Drugs

Weed Affects Driving Skills Way Longer Than Previously Thought

Drunken drivers may not be the only ones responsible for road accidents. Marijuana users also demonstrated equally poor driving skills, even when they were not intoxicated, as per a new study published in the journal Drug and Alcohol Dependence

There is a growing concern that the number of accidents involving people intoxicated with marijuna is on the rise, especially since data reflects the surge: fatal crashes with junkies increased from 8 percent in 2013 to 17 percent in 2014. Researchers at the Marijuana Investigations for Neuroscientific Discovery (MIND) program at McLean Hospital, the psychiatric teaching hospital of Harvard Medical School, examined the driving performance of heavy users of recreational marijuana in a controlled study. 
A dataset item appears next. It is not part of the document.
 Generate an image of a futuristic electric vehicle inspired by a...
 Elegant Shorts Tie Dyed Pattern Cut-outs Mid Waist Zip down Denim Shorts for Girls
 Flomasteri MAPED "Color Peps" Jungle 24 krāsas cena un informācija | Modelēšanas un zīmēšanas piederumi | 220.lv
Customized driving simulators were driven by the group comrpised of generally heavy users of the substance but were not intoxicated in the last 12 hours. The driving test results were then compared to subjects who never abused marijuana, either recreationally or medically. 
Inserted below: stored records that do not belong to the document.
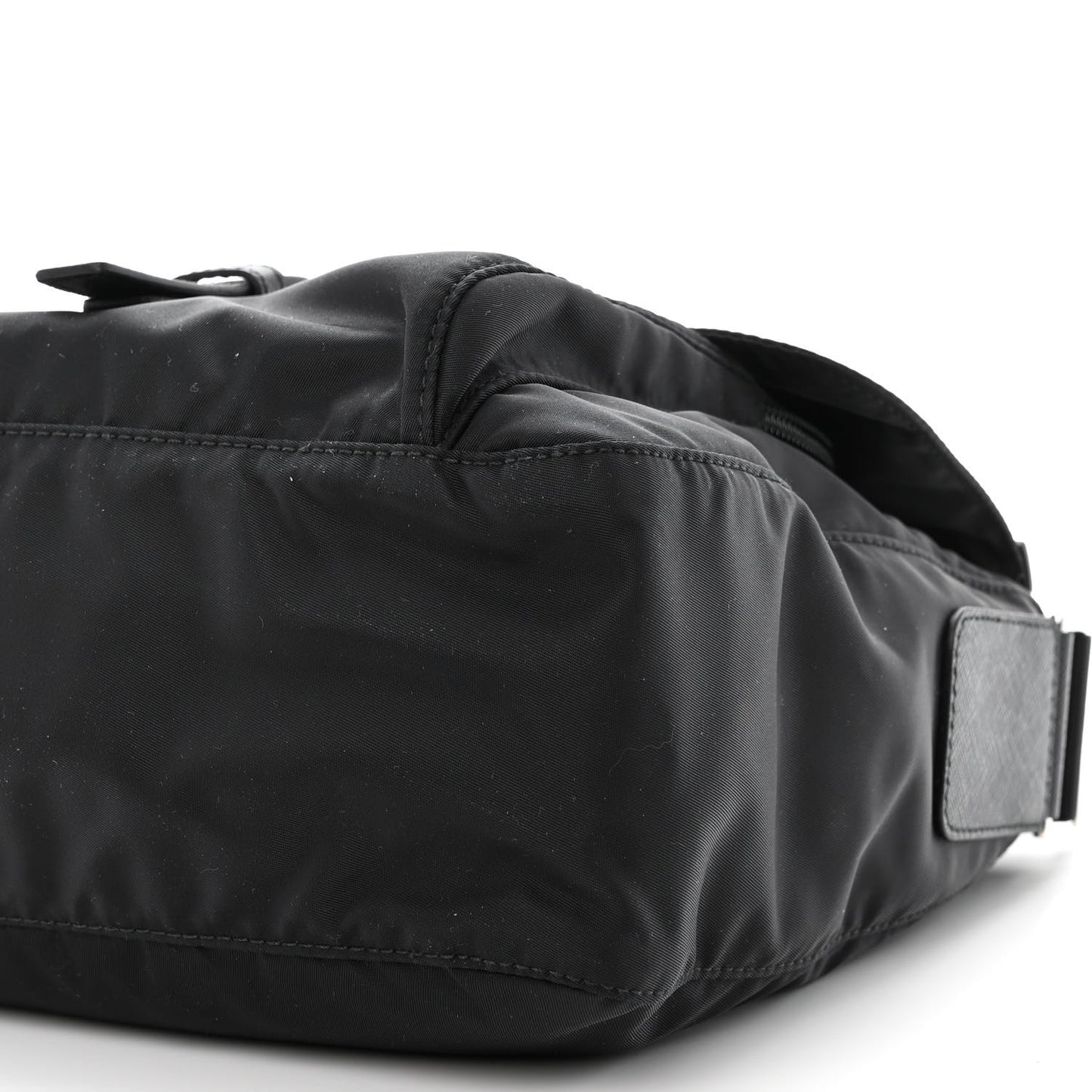Re-Nylon Vela Saffiano Pocket Single Buckle Messenger Shoulder Bag Black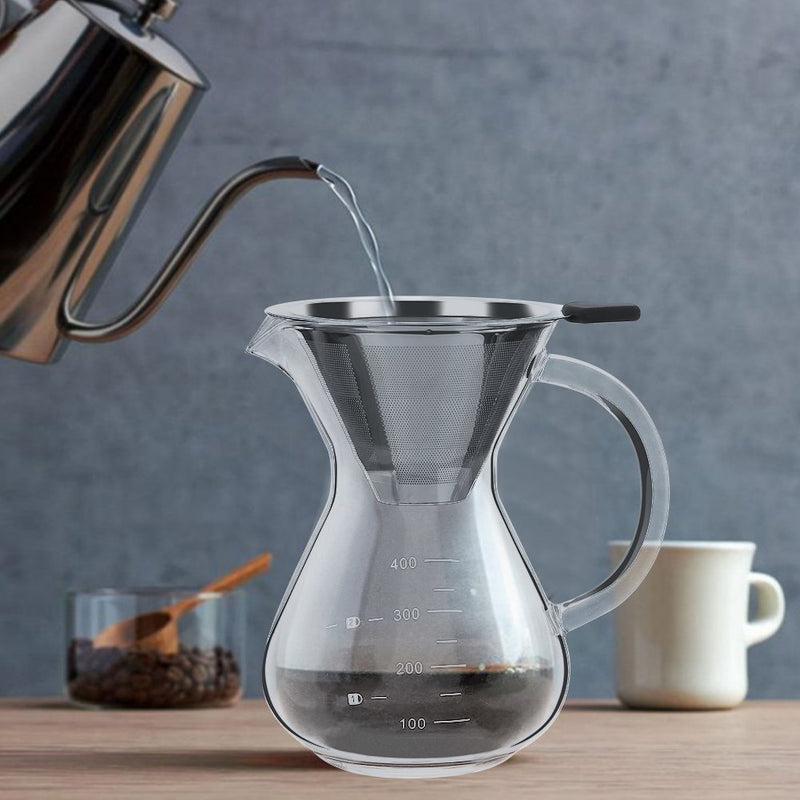 Hakeeta 400ml Coffee Maker, Pour-Over Glass Coffeemaker with Stainless Steel Permanent Filter. Manual Coffee Dripper Brewer - NewNest Australia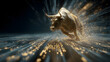 © Anas - Golden Bull Charging Forward: Abstract Digital Art, Dynamic Energy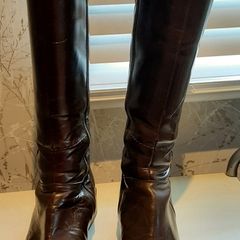 Brown leather boots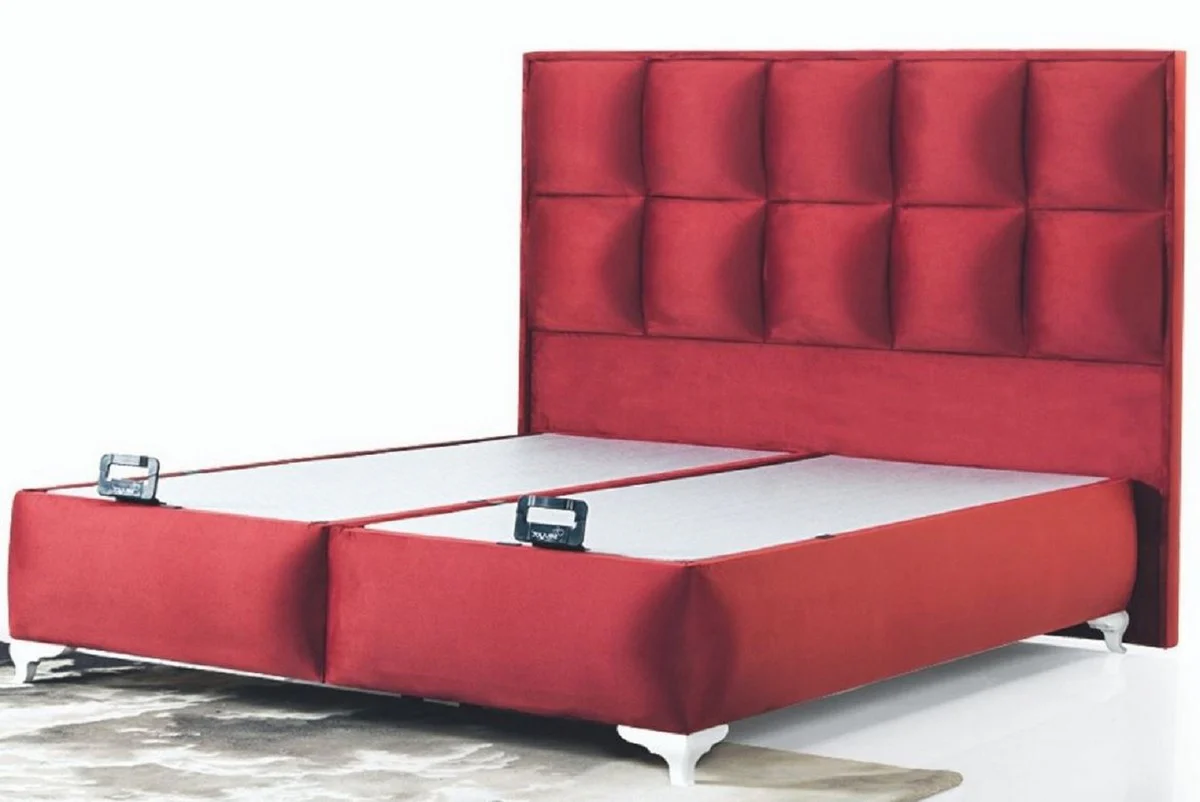 Luxury double bed Bordeaux red / white - Modern solid wood bed - Modern bedroom & hotel furniture - Luxury collection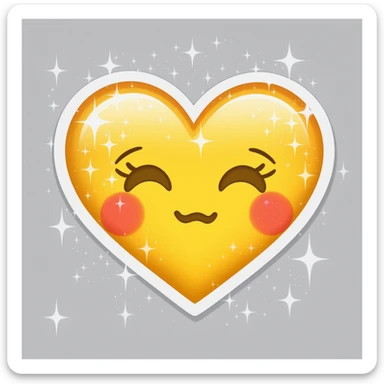 goth heart emoji, cute and shiny, with sparkles, no background sticker
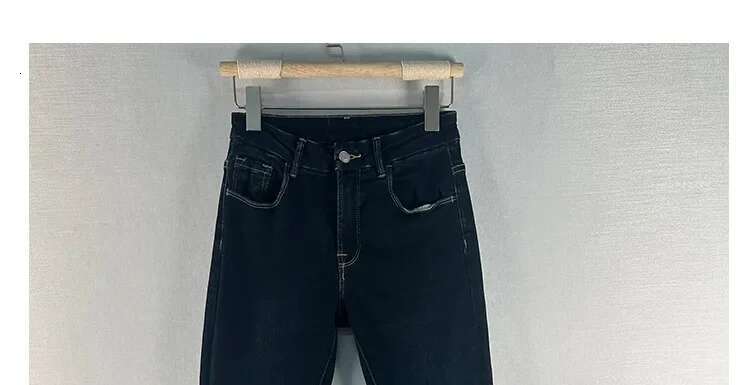 Dark Blue Split Flare Jeans Slim Office Women's Elegant Trousers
This is the first time a study was looking at users who were not under the influence during rash driving. It found that it was the residues left behind in their bodies that contributed to some of the road mishaps. In the past, studies have proven that severely intoxicated marijuana users were associated with impaired driving, but not in this study. 

After taking everything into account, frequent marijuana users demonstrated poorer control over the vehicle during the simulated driving test in comparison to the healthy participants. What exactly was wrong with the driving of habitual pot smokers? They were prone to accidents on the road, they hit some pedestrians by not stopping at the crosswalks and had lateral movement. They also did not follow all the traffic rules, especially by sometimes not halting at the signals.

Marijuana A picture taken on June 5, 2019 shows a man smelling a sample of Marijuana buds, often simply called weed or pot, which is the unprocessed form of the female cannabis plant, at the "Hemp Embassy" store in Milan, one of the first shops in Italy dedicated to cannabis. MIGUEL MEDINA/AFP/Getty Images

 "People who use cannabis don't necessarily assume that they may drive differently, even when they're not high," Staci Gruber, director of the MIND program and senior study author,  pointed out.

"We're not suggesting that everyone who uses cannabis will demonstrate impaired driving, but it's interesting that in a sample of non-intoxicated participants, there are still differences in those who use cannabis relative to those who don't," Gruber explained. 

Furthermore, the participants were divided based on the age at which they started using the substance. It was found that significant driving impairment was restricted to people who had started using pot before the age of 16, especially in stark comparison to those who started using pot later than 16. 

Impulsivity displayed by the participants had a role to play in impaired driving, suggesting that frequent users developed aggressive behavior. “Further, covariate analyses suggest that impulsivity had a significant impact on performance differences,” the authors stated in the paper. 

However, even the healthy control group sometimes surprisingly displayed impulsivity. “What was interesting was when we examined impulsivity in our analyses, most of the differences we saw between cannabis users and healthy controls went away, suggesting that impulsivity may play a role in performance differences," Mary Kathryn Dahlgren, study co-author and a postdoctoral fellow at MIND, explained. 

On the contary, the researchers emphasized that people who take medicinal cannabis need not necessarily be involved in a road accident. “Not everyone demonstrates impairment simply as a function of exposure to cannabis. This is especially important to keep in mind given increasing numbers of medical cannabis patients who differ from recreational users with regard to product choice and goal of use," Dahlgren added.